Energy prices remain central to the outlook. The Bank of England said in its summary that prices had eased from their initial jump, but the Iran war made their path difficult to predict. The U.K., as a net energy importer, is exposed to global price shocks. The country’s regulated energy price cap is due to rise 13% later this summer, when energy costs are expected to reach a two-year high, according to CNBC.

“The impact on the economy and inflation will depend on how long energy prices stay raised,” the Bank of England said. It added that monetary policy cannot change global energy prices, but that its role is to prevent higher inflation from becoming persistent and leaving lasting effects on the economy.

The Iran conflict has kept oil prices elevated after the effective closure of the Strait of Hormuz, a key Middle East shipping route for crude. CNBC reported that U.S. President Donald Trump and Iranian President Masoud Pezeshkian electronically signed a 14-point memorandum of understanding on Wednesday intended to establish the basis for a durable peace settlement after four months of war.

Central banks face renewed price pressure

The U.K. decision followed a Federal Reserve meeting at which U.S. rates were also kept unchanged, with the federal funds rate held at 3.5% to 3.75%. CNBC reported that U.S. equities fell after investors reacted to hawkish signals from Kevin Warsh’s first meeting as Fed chair.

Other major central banks have already tightened policy in response to the energy shock.
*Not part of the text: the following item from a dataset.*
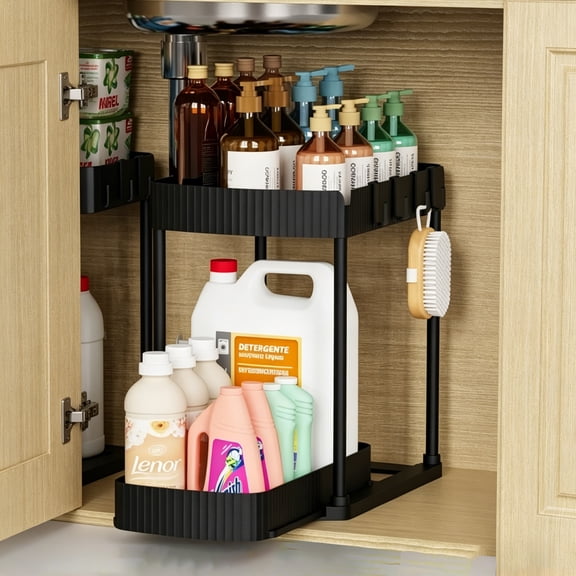 Multi-Purpose Pull-Out Storage Organizers, Under Sink/Cabinet Organizers and Storage for Bathroom & Kitchen, Black, 12.8 Inches, 1 Packs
The European Central Bank raised its key rate last week, while the Bank of Japan lifted its policy rate on Tuesday to 1%, its highest level in 31 years, according to CNBC.

Luke Bartholomew, deputy chief economist at Aberdeen, said he believed the Bank of England could avoid the tightening already begun by the ECB and signaled by the Fed. He said that if energy prices continue to moderate, the discussion could return to rate cuts, though possibly not until next year.

George Brown, senior economist at Schroders, said the central bank could not be complacent about inflation risks. He said the threshold for rate increases remained high because softer labor conditions and weak growth should limit second-round effects, while progress on reopening the Strait of Hormuz could reduce some upside risks to energy prices.

Suren Thiru, chief economist at the Institute of Chartered Accountants in England and Wales, said U.K. monetary policy was at “a crossroads.” He said the U.S.-Iran framework had raised hopes that inflation could cool without further tightening, while renewed hostilities could shift the balance back toward higher rates.

This story draws on original reporting from CNBC Economy.